Richardson wasn't interested in that aspect and the group's interest in whether Bonney became "Brushy Bill" Roberts, Ray-Garcia said. Ray-Garcia disputed contentions that the sheriff was following orders from Richardson.

According to a letter the Garretts wrote to the governor, Richardson declared support in 2003 for reopening the investigation of Bonney's death.

The investigation cited probable cause for allegations that Garrett killed an innocent victim instead of Bonney and that person is buried in the outlaw's grave, the Garretts said. There also were allegations the sheriff was an accomplice of Bonney in the murder of two deputies in April 1881 and the rustler's subsequent escape.

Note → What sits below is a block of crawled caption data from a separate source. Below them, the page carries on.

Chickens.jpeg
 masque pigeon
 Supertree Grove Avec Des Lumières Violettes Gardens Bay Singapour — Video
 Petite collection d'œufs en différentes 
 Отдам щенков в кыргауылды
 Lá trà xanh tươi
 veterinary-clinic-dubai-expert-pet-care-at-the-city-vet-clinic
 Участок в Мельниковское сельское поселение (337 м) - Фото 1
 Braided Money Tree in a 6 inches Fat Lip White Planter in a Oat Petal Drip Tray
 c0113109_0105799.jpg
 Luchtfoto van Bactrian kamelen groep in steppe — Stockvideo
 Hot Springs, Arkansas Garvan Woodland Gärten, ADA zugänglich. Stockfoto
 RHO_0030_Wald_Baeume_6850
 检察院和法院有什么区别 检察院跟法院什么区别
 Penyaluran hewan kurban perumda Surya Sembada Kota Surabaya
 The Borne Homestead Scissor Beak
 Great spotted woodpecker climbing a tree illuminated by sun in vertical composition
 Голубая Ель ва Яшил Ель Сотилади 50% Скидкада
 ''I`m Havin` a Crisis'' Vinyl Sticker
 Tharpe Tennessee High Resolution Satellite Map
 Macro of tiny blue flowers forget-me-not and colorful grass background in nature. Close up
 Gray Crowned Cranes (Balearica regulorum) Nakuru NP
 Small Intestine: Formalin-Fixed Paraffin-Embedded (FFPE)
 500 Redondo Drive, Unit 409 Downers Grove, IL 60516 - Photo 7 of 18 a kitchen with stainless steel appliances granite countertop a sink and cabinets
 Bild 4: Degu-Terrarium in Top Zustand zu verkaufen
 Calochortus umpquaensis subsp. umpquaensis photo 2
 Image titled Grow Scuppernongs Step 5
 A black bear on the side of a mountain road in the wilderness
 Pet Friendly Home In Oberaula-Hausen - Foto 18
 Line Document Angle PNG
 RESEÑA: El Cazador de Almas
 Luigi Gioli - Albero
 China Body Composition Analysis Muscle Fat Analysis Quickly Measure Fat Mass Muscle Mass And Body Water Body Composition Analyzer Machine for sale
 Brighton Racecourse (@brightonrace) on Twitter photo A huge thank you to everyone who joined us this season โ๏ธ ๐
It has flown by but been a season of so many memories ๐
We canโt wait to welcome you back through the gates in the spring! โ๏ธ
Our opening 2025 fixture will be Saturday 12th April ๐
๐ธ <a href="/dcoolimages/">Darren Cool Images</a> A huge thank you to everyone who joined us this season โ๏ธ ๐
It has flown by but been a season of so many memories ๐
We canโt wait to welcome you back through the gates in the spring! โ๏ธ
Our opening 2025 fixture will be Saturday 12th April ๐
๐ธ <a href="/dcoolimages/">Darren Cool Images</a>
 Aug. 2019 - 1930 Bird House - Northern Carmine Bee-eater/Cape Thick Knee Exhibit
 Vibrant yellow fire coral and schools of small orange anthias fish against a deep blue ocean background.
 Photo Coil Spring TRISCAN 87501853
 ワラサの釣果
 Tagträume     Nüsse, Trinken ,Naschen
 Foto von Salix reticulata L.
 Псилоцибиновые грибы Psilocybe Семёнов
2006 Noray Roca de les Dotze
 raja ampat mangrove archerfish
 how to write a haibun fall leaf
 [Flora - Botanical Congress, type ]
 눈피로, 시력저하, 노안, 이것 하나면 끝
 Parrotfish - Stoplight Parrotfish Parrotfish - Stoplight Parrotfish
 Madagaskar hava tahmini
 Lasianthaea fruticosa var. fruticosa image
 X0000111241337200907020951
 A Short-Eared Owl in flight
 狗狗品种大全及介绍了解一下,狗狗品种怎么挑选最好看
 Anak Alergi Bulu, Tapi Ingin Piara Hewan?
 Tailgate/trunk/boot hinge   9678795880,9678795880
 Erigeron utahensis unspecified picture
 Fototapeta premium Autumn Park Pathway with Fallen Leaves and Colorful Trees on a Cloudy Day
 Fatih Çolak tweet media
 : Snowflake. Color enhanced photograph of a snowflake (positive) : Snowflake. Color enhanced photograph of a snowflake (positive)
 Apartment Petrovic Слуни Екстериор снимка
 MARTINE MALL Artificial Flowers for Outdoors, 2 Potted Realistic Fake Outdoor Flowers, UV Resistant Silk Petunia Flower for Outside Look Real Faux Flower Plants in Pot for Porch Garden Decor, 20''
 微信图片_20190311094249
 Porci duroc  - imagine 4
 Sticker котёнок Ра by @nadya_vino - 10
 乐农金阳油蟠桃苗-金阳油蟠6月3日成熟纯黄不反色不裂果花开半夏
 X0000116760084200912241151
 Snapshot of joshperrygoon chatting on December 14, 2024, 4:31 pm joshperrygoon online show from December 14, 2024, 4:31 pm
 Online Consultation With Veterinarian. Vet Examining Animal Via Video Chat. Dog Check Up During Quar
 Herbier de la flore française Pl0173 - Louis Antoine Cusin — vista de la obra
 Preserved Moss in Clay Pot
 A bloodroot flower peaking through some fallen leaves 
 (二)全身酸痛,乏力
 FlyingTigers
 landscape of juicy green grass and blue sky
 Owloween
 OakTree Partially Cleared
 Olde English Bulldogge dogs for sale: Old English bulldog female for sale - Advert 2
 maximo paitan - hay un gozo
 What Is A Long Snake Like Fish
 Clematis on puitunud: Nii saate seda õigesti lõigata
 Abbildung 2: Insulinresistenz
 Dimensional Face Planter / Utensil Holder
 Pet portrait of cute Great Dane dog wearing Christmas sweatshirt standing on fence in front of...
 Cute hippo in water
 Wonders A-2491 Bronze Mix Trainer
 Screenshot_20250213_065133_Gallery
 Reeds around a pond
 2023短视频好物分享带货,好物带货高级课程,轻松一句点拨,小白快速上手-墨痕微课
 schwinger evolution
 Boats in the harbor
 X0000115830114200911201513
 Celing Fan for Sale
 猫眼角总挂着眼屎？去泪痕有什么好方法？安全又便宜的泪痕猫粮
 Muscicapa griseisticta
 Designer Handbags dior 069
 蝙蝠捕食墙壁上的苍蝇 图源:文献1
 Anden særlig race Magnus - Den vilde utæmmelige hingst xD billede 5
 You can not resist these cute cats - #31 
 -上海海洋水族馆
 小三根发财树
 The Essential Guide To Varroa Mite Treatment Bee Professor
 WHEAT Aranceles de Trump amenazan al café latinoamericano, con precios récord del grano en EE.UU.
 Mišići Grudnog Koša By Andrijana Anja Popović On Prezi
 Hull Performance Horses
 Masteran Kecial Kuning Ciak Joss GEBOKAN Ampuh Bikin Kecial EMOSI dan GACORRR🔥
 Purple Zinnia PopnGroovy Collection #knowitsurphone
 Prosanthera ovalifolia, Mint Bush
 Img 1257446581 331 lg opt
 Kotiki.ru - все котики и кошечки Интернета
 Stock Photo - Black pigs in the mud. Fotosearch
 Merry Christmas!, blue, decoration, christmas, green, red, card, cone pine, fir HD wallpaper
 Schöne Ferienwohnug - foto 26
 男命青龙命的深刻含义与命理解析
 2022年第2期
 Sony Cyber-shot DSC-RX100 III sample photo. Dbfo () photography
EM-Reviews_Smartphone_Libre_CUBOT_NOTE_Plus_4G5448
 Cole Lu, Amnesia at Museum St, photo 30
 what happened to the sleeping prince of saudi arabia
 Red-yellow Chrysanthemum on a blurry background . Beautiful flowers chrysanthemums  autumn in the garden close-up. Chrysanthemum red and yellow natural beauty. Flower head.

"This is an abomination as well as an inexcusable defamation of a great man," the letter said of the claims.

Ray-Garcia said Richardson, who leaves office in five months, had nothing to do with the probable cause claims. "The governor told them [the Garretts] that Sheriff Garrett was an honorable man."

She also denied state money went toward the investigation.

Former Lincoln County Sheriff Tom Sullivan was among those involved in the investigation. He opposes the pardon, saying Billy the Kid "was nothing but a glorified cop killer," but said there are many questions about the circumstances of his death and Garrett's conduct.

He said he raised the probable cause questions so that an investigation would glean what really happened with Garrett and Bonney.

"Nobody wants to know the truth," Sullivan said Thursday.

Jarvis Garrett and others in the family said they will continue their campaign to clear Garrett, who they said enjoyed a little gambling.

They are hoping Richardson won't issue a pardon.

"If Billy the Kid was living amongst us now, would you issue a pardon for someone who made his living as a thief and, more egregiously, who killed four law enforcement officers and numerous others?" the Garrett family wrote Richardson.

Author Gardner said there is a reason for an abiding interest in Bonney and curiosity about whether he actually died in the dark and did not escape.

"If you have a folk hero die, you want him to go out with a blaze of glory."